Open Data Technical Framework

Developed in collaboration with the Public Bodies Working Group on Open Data

Document ID
http://data.gov.ie/techncial-framework
Published

Document Status

The Open Data Technical Framework was finalised after a public consultation.

License
Creative Commons Attribution 4.0 International (CC BY 4.0)

Acknowledgement

This document was prepared by the Public Bodies Working Group (PBWG) on Open Data. The Department of Public Expenditure and Reform wishes to acknowledge the important contribution of and to thank the PBWG members for their commitment and hard work over the last 6 months in developing this framework which underpins the publication of datasets on the portal http://data.gov.ie in line with agreed standards thus facilitating re-use and interoperability

  • Eoin McCuirc, Central Statistics Office
  • Dominic Byrne, Fingal County Council
  • Gareth John, Department of Arts, Heritage and the Gaeltacht
  • Liam Stewart, Office of Public Works
  • Niall Hayden, National Roads Authority
  • John Nott, National Transport Authority
  • Sandra Collins, Digital Repository of Ireland
  • Rebecca Grant, Digital Repository of Ireland
  • Tracey Lauriault, NUI Maynooth
  • Pat Mulhall, Office of the Revenue Commissioners
  • Keith Walsh, Office of the Revenue Commissioners
  • Eoin O’Grady, Marine Institute
  • Rob Ovington, Department of Environment, Community and Local Government
  • Brian Costello, Central Statistics Office
  • Adam Leadbetter, Marine Institute
  • Hugh Mangan, Ordnance Survey Ireland
  • Ken Noble, Ordnance Survey Ireland
  • Martin Troy, Department of Public Expenditure and Reform
  • Evelyn O’Connor, Department of Public Expenditure and Reform (Chair)
  • With technical support and advice from Deirdre Lee, Derilinx

Background

Open Data is recognised as a key element of the Public Service Reform agenda and improved data management is an important element of a wide variety of key policy documents and action plans. Ireland has also committed to meeting the challenges set under the G8 Open Data Charter.
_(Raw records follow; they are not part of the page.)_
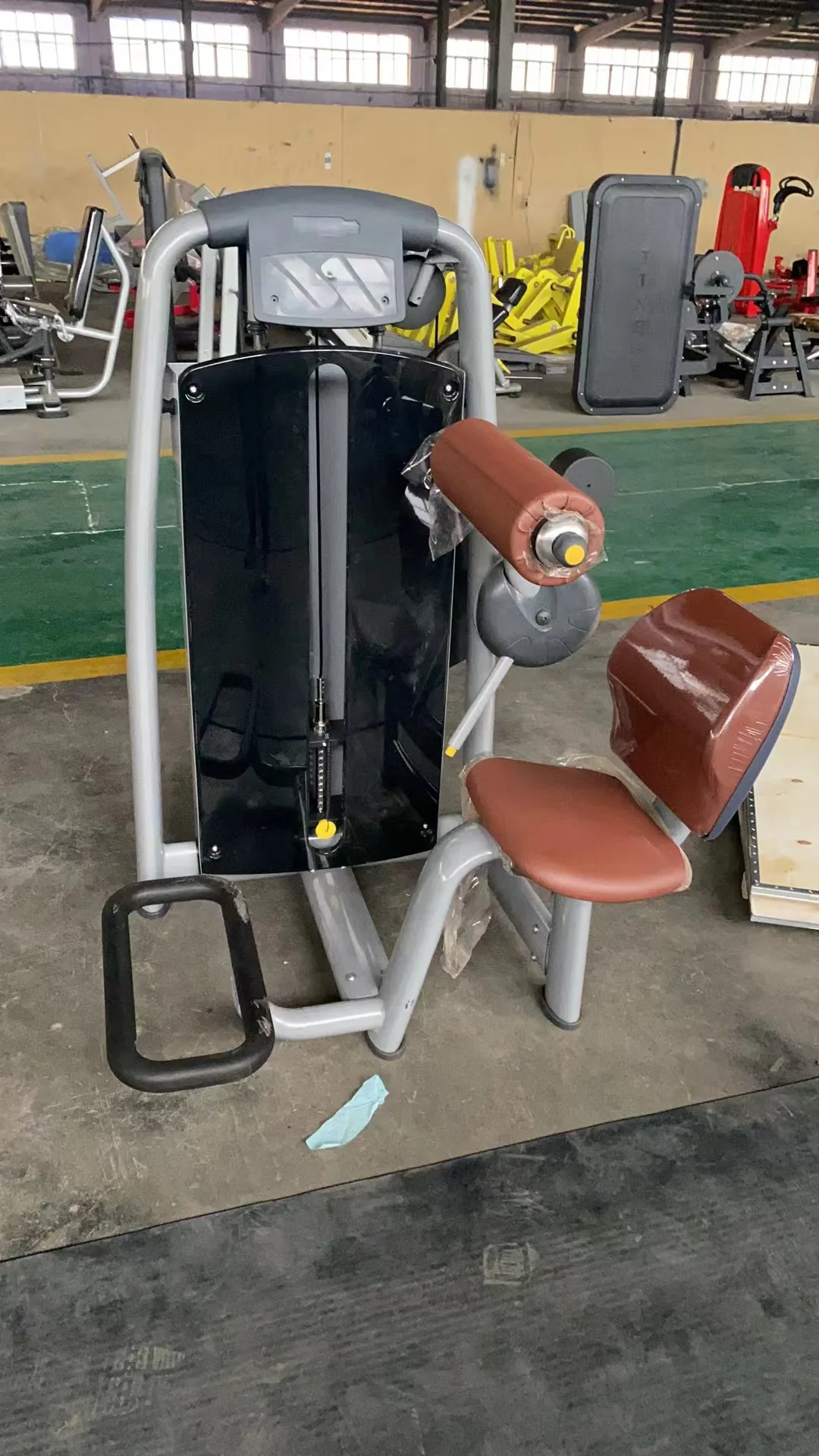 Exercise gym fitness equipment pin loaded lower back machine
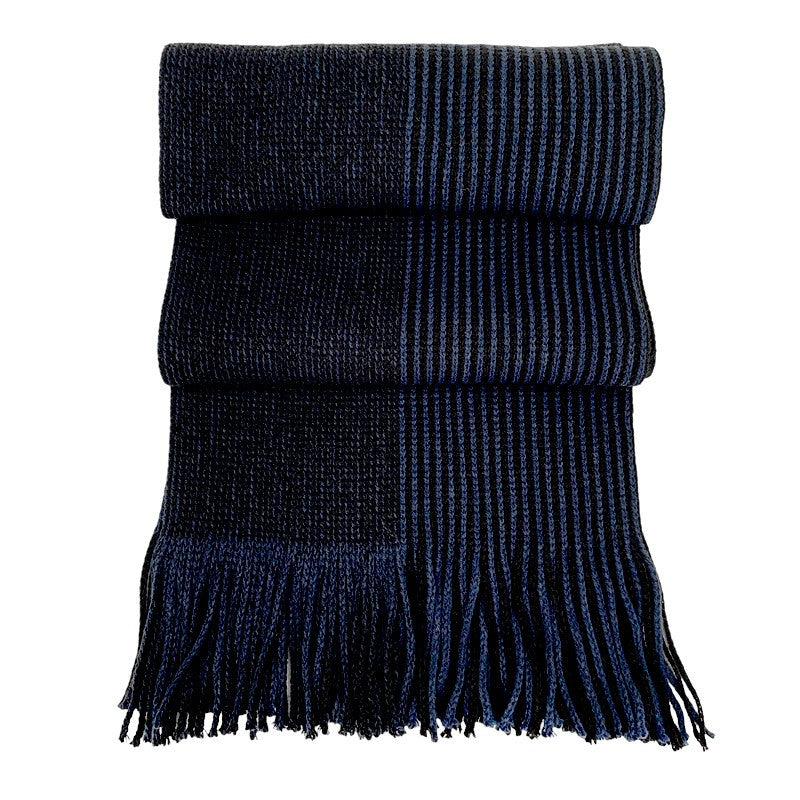 Acrylic Stripe Scarf - Navy 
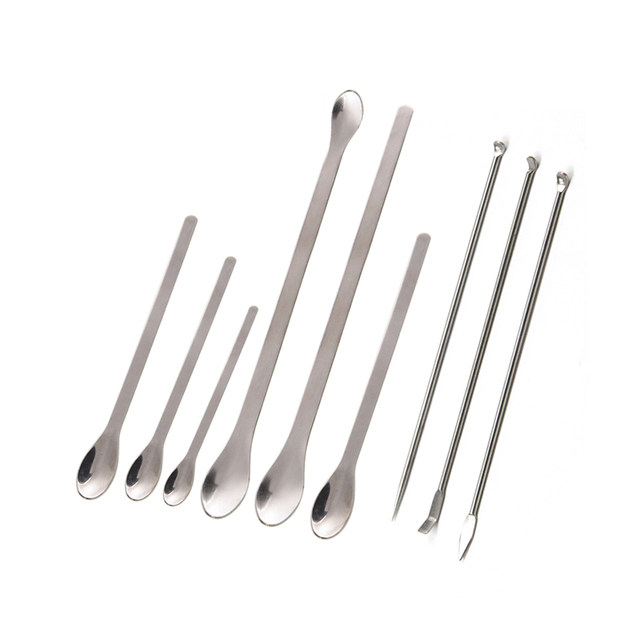 TOP-VIGOR 3Pcs Micro Lab Sampling Reagent Spoon, Stainless Steel 3 In 1 Sampling Spoon Double Ended Lab Mixing Spatula Set For Laboratory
Alignment with Reform Initiatives
Alignment of Open Data with Other Reform Initiatives

Need for an Open Data Technical Framework

A key priority under the Minister for Public Expenditure and Reform, Mr. Brendan Howlin T.D.’s Open Data Initiative is the development and expansion of the National Open Data Portal, http://data.gov.ie. The objective of the Open Data Portal is to publish government data in a way that will make it more discoverable, accessible, interoperable and reusable. The Portal has been updated to support the publication of high-value datasets to meet demand and contribute to the achievement of real economic, social and democratic benefits for citizens, business and the Public Sector.

This document sets out the proposed technical framework that supports the ongoing implementation of the Open Data Initiative and ensures that publication of datasets on the Open Data Portal, data.gov.ie, is done in a consistent, persistent and truly open way. This is a living document that will be expanded upon as technologies and practices evolve.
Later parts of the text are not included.